Too many borrowers wait too long to open a dialogue with their lenders in hard times. If you see a rocky road ahead, assess the true nature and extent of your problems, formulate a workable plan for dealing with them and contact your lender early about your problems and your plan. Don’t wait until the opportunity for effectively dealing with your problems has past (when the lender has begun sending demand letters) and liquidation is the only alternative left. Moreover, once you have started down the workout path, do not procrastinate putting the work-out plan in effect under the assumption that time and the eventual turn in the market will cure all your problems.
Many borrowers wrongly assume that if they lay out their problems to their lender, the lender will just call their loan due. That is often a wrong assumption. Especially in troubled times, lenders are keenly aware of their borrowers’ problems. If your lender is, or can become comfortable with the belief that you can ultimately pay off the renegotiated loan, lenders may see that it is in their best interest to restructure your loan.
It seems axiomatic that borrowers will be scrupulously honest when they want to negotiate a workout with a lender. But many experiencing trouble are tempted to fudge the facts, withhold information or embellish the truth.
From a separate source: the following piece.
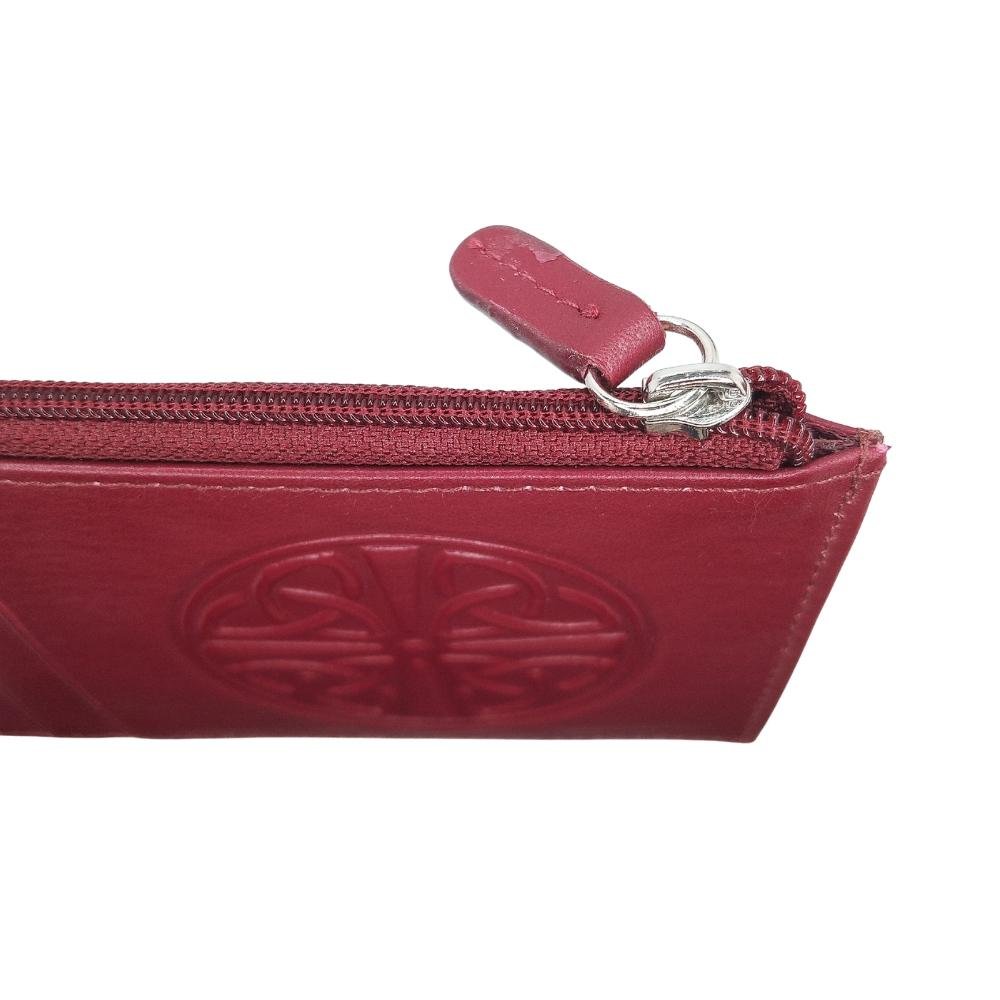 Celtic Knot Leather Wallet - Merlot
Lenders, under the stress of troubled loan situations, can also be tempted to be less than honest. Even though work-out negotiations often proceed in an atmosphere of anxiety and uncertainty, it is imperative to the positive outcome of the process that both borrowers and lenders come to the negotiating table with an attitude of disclosure and a commitment to honesty and integrity.
Gather Accurate Information
For a work-out to succeed, it is vitally important to know the true and current facts about the borrower and the loan at the beginning of discussion. While past financial statements, title reports, surveys, appraisals, inventory accountings and other reports are helpful, new information should be obtained as soon as possible, making it so decisions can be made and plans formulated based on the latest and most accurate information. Also, make sure you gather and read the original loan documents and security agreements, and look for any modifications and extensions on them.
Establish a Plan
Use the information you have gathered and find answers to some of the following key questions: What caused the borrower’s problems (a bad market, mismanagement, dishonesty, etc.)? Is the borrower’s business/project still viable? Does the borrower want to keep the business/project going? Is the borrower’s work-out plan feasible? Is an orderly liquidation the best solution?
Both borrower and lender need to arrive at the answers to these questions and formulate the work-out plan. A work-out plan may include a reduction in the loan interest rate, a reduction in the monthly payment amount or a change of other terms in the loan.
Bring in Outside Help
There are a number of professionals—CPA’s, consultants, attorneys and workout specialists—that cut their teeth in the many work-outs of the 1980s and early 1990s. These professionals have the depth of experience to provide legitimate help during the current real estate and financial downturn. Lenders are particularly interested in having a third-party’s objective view on the facts of the situation and in formulating the workout plan. On the other hand, beware of the many newly self-proclaimed “experts” looking to make money from generating reports, analyses, studies and plans who do not have the knowledge or experience to do so.